Provided data -

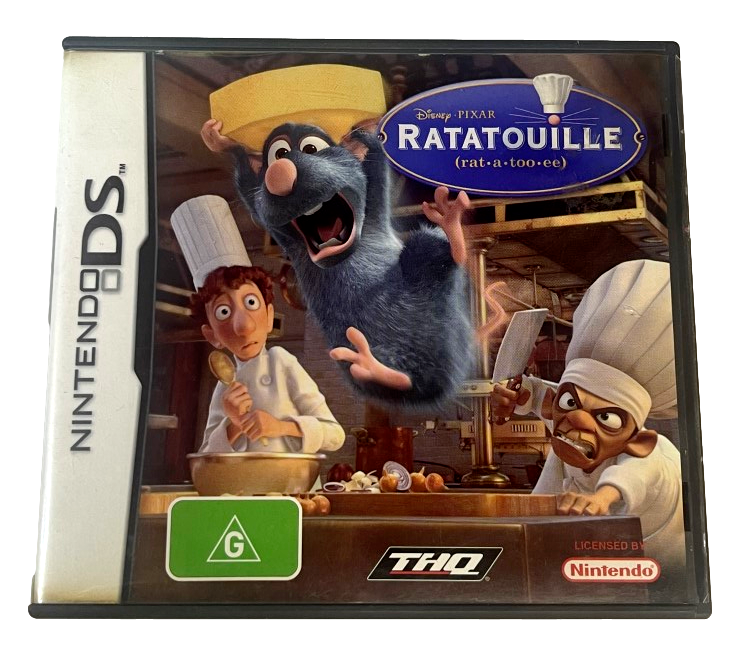 Ratatouille Nintendo DS 3DS Game *Complete* (Preowned)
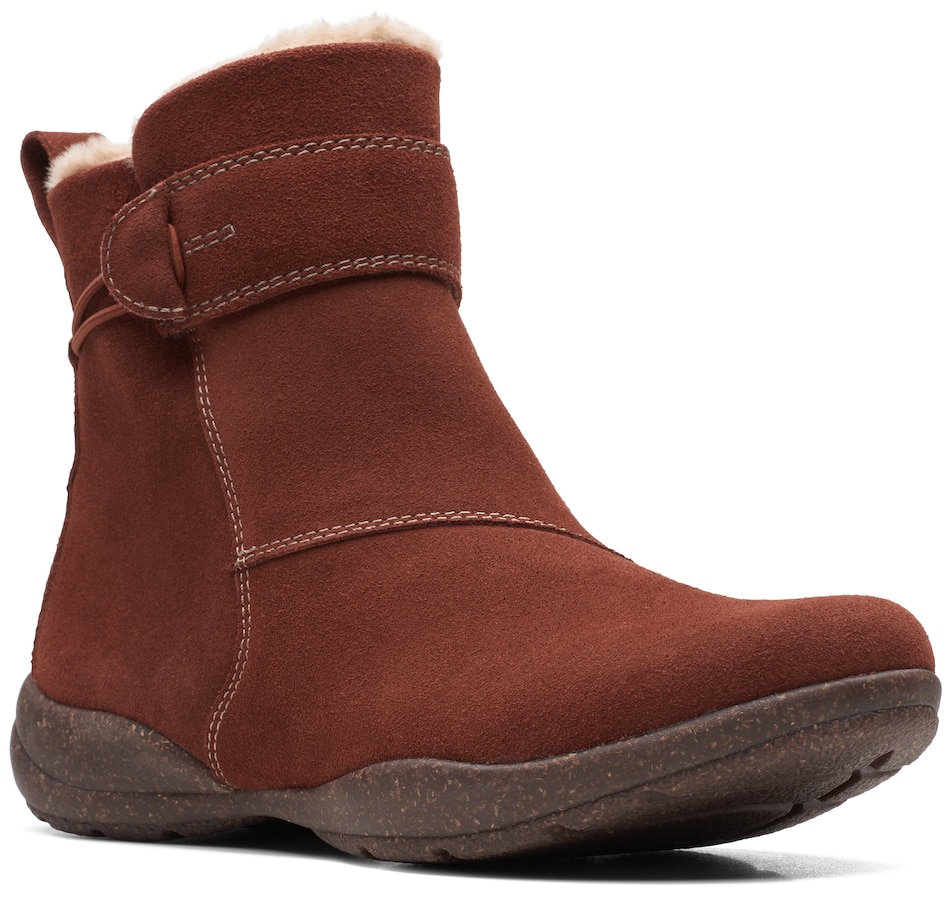 Image 229458_MAH.jpg, Product 229-458 / Price $69.33, Collection by Clarks Roseville Boot from Clarks Footwear on TSC.ca's Shoes department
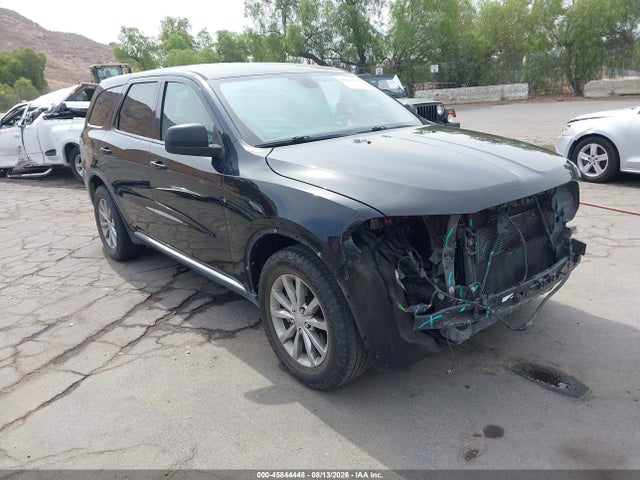 2017 Dodge Durango Sxt Rwd მანქანა იყიდება აუქციონზე, vin: 1C4RDHAG2HC785296, აუქციონის ნომერი: 45844448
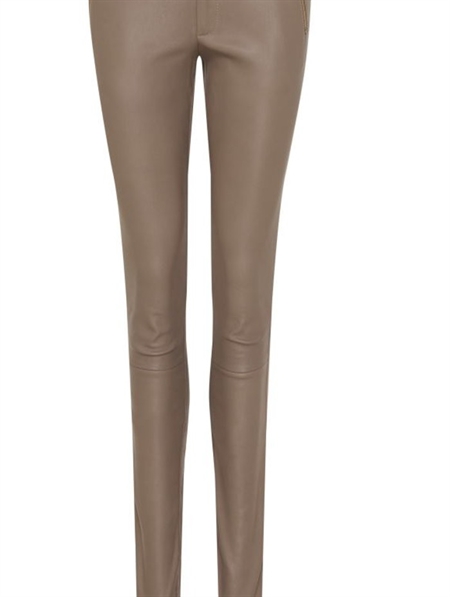 BTF / Notyz 10.642 - Beige - Light Gold Zipper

Problem - Leave the pictures out. Output exactly, and only, the lines from the one with "Image 229458_MAH.jpg, Product" through the last line of the listing above, both included.

Solved exercise -
 Image 229458_MAH.jpg, Product 229-458 / Price $69.33, Collection by Clarks Roseville Boot from Clarks Footwear on TSC.ca's Shoes department
 2017 Dodge Durango Sxt Rwd მანქანა იყიდება აუქციონზე, vin: 1C4RDHAG2HC785296, აუქციონის ნომერი: 45844448
 BTF / Notyz 10.642 - Beige - Light Gold Zipper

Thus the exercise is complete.